_What is being asked_. Copy only what lies from the line containing "Vin fûts de" through the line containing "Phone Case(Blue) For" in the entries below, keeping both end lines exact and dropping every picture.

_Data for analysis_.
┄┄┄┄┄┄┄┄┄┄┄┄┄┄┄┄┄┄┄┄

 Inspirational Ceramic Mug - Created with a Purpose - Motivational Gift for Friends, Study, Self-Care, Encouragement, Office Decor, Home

┄┄┄┄┄┄┄┄┄┄┄┄┄┄┄┄┄┄┄┄

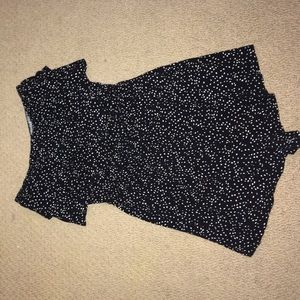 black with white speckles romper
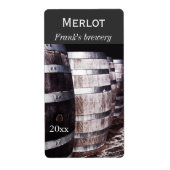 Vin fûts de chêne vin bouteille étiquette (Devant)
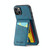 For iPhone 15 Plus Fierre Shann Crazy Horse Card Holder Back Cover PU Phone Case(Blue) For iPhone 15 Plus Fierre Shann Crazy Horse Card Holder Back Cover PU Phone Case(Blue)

┄┄┄┄┄┄┄┄┄┄┄┄┄┄┄┄┄┄┄┄

_Answer to the exercise_.
 Vin fûts de chêne vin bouteille étiquette (Devant)
 For iPhone 15 Plus Fierre Shann Crazy Horse Card Holder Back Cover PU Phone Case(Blue) For iPhone 15 Plus Fierre Shann Crazy Horse Card Holder Back Cover PU Phone Case(Blue)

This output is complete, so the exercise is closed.